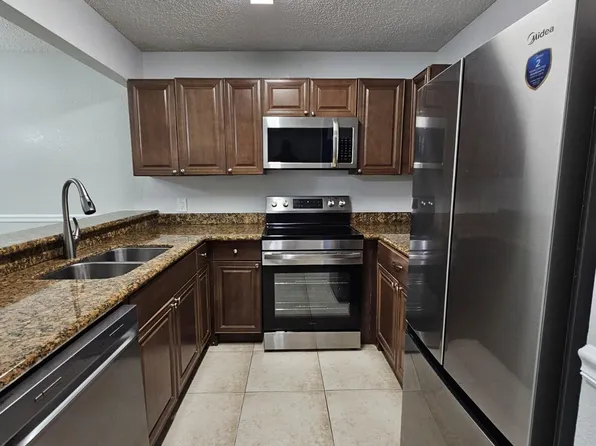 1541 Balfour Point Dr, Royal Palm Beach, FL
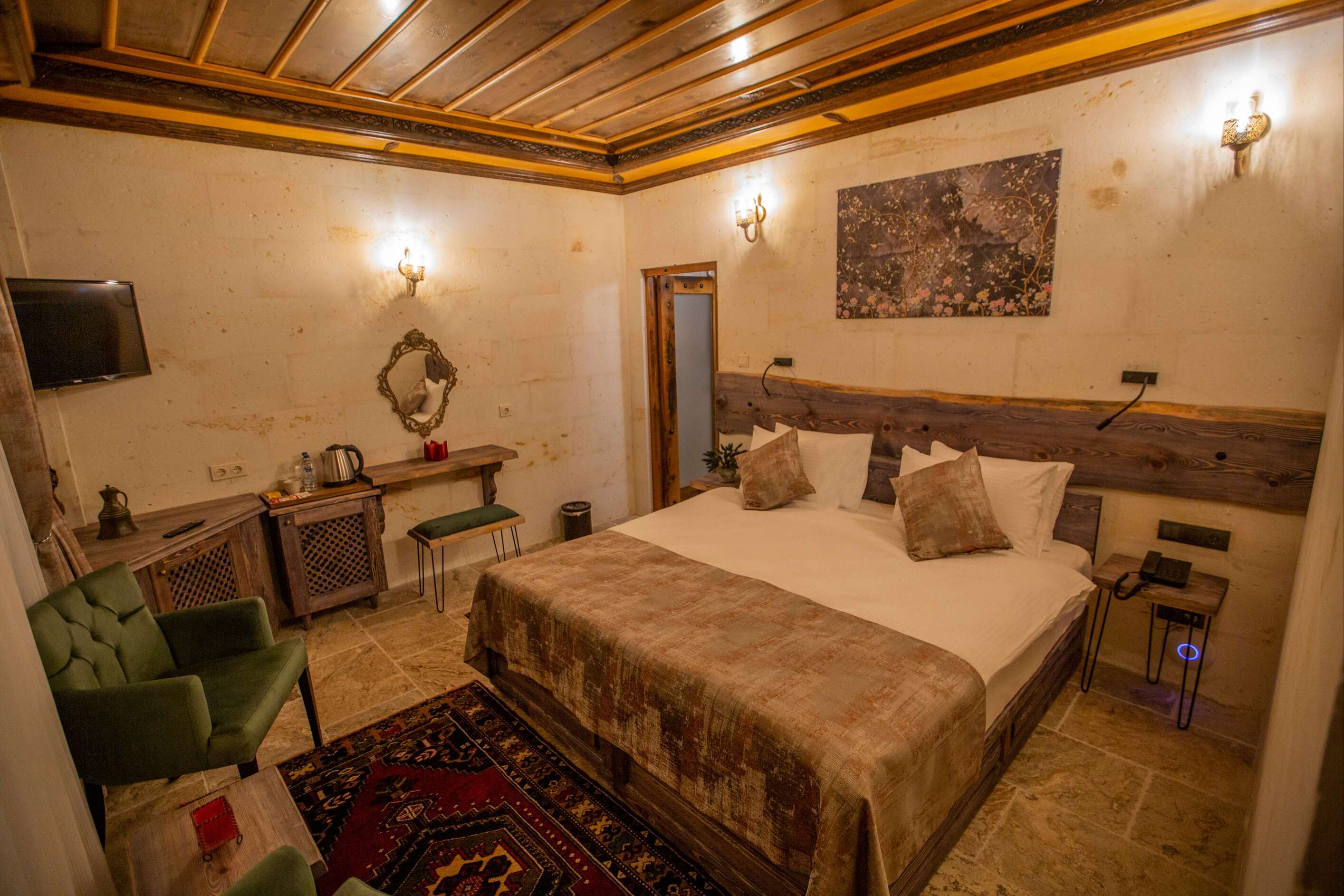 Acer Cave Hotel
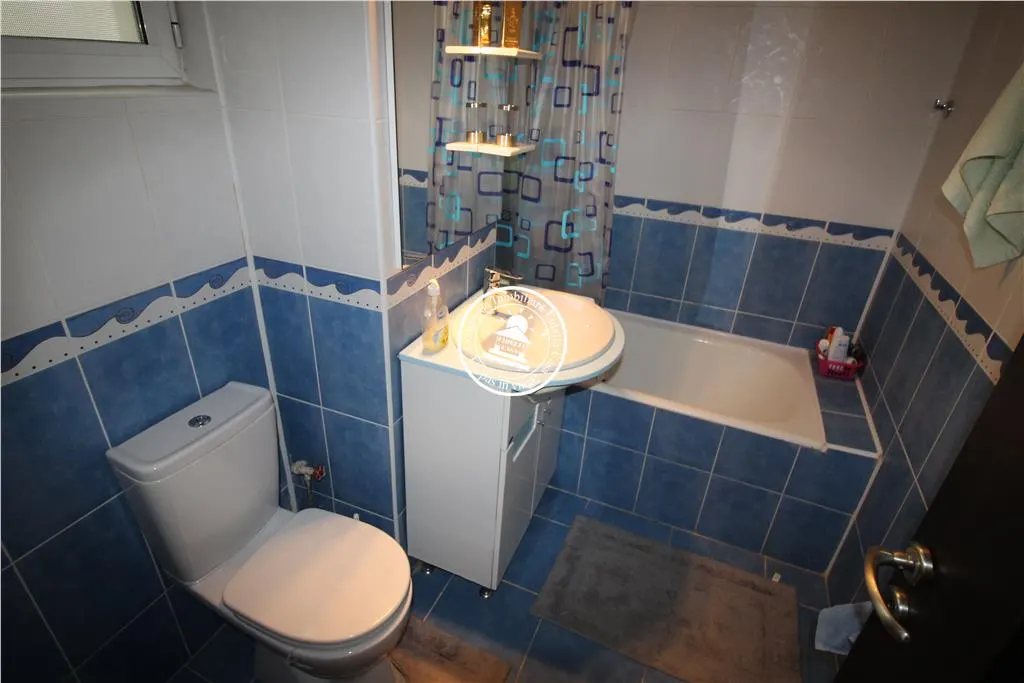 Apartament 3 camere  de inchiriat  Centru, - foto 9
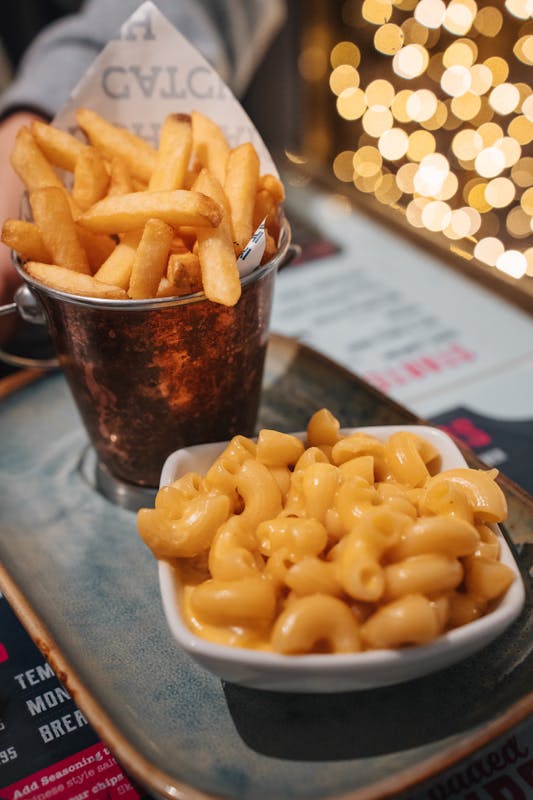 Creamy mac and cheese in bowl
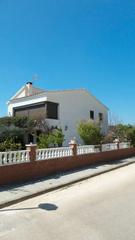 Chalet  Carrer pluto 15. Chalet roda de berà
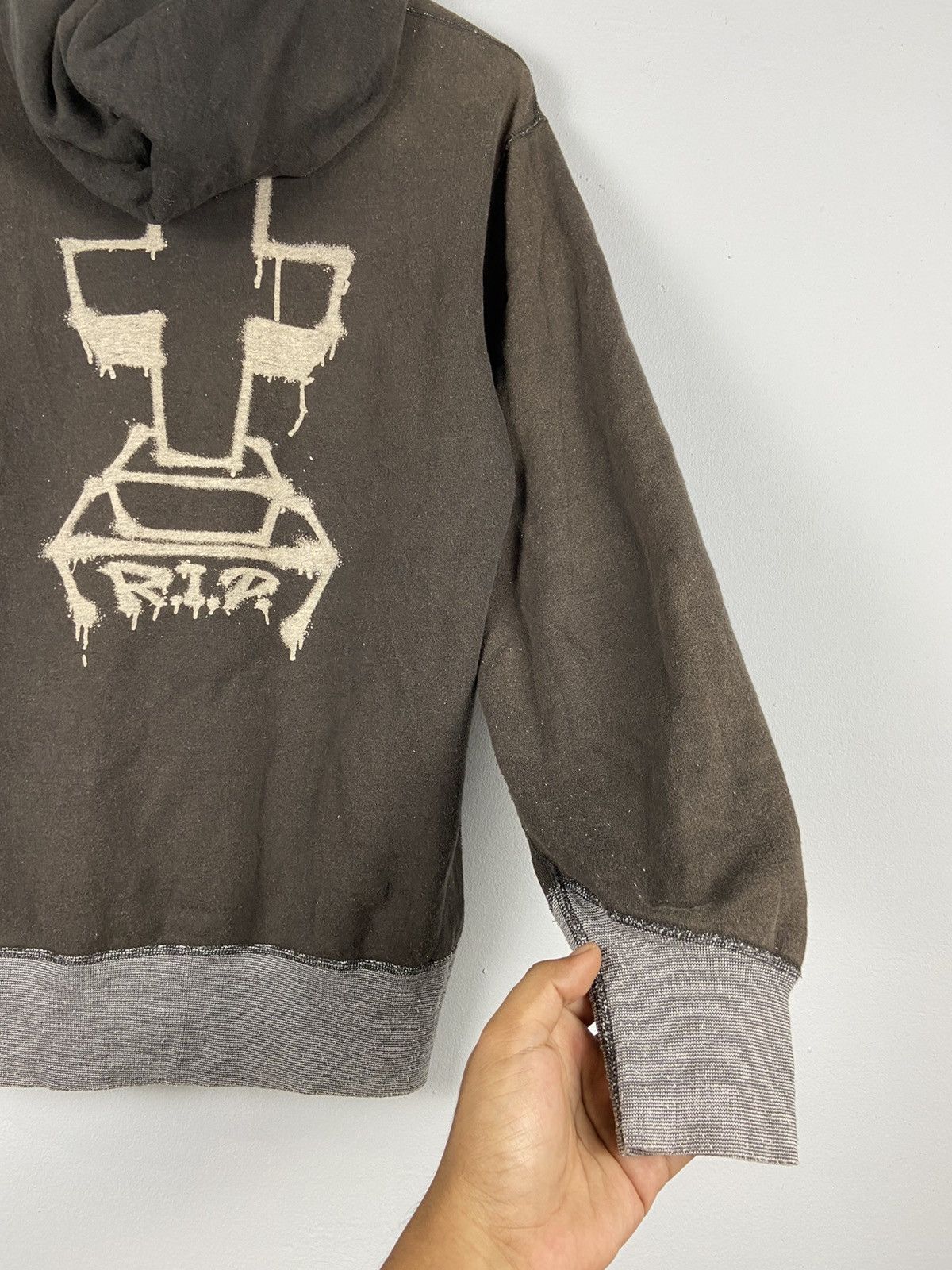 Hysteric Glamour × Japanese Brand Very Rare🔥🔥 Hysteric Glamour “RIP” Graphic Pull Over Hoodie Size US L / EU 52-54 / 3 - 3 Thumbnail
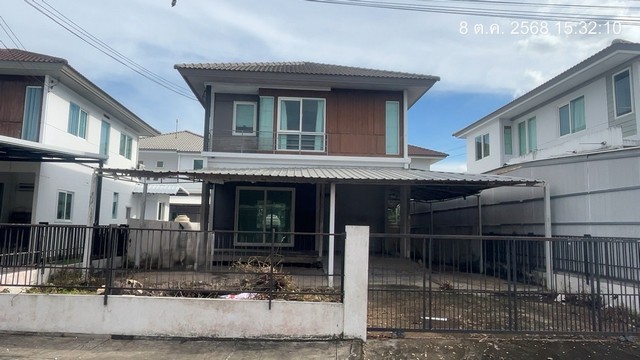 บ้านเดี่ยว หมู่บ้านพฤกษลดา ประชาอุทิศ 90 อำเภอพระสมุทรเจดีย์ จังหวัดสมุทรปราการ  หมู่บ้านพฤกษลดา ประชาอุทิศ 90 ถนนประชาอุทิศ ตำบลคลองสวน อำเภอพระสมุทรเจดีย์ จังหวัดสมุทรปราการ  ราคา 3850000 บาท  (ราคาต่อรองได้)  รายละเอียดทรัพย์ -  เนื้อที่ 55.0 ตร.ว.   พื้นที่ใช้สอย 150 ตรม. -  3 ห้องนอน 2 ห้องน้ำ  -  2 ที่จอดรถ  -  บ้านหันไปทางทิศเหนือ  พิกัดทรัพย์ : https://maps.app.goo.gl/aczk2cVaEqA6aLZP7  สถานที่ใกล้เคียง   - �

_What this task involves_
Transcribe exactly and only the lines from the top of the records through the line containing "Hysteric Glamour ×", inclusive, and do not copy the pictures.

_Solution_
 1541 Balfour Point Dr, Royal Palm Beach, FL
 Acer Cave Hotel
 Apartament 3 camere  de inchiriat  Centru, - foto 9
 Creamy mac and cheese in bowl
 Chalet  Carrer pluto 15. Chalet roda de berà
 Hysteric Glamour × Japanese Brand Very Rare🔥🔥 Hysteric Glamour “RIP” Graphic Pull Over Hoodie Size US L / EU 52-54 / 3 - 3 Thumbnail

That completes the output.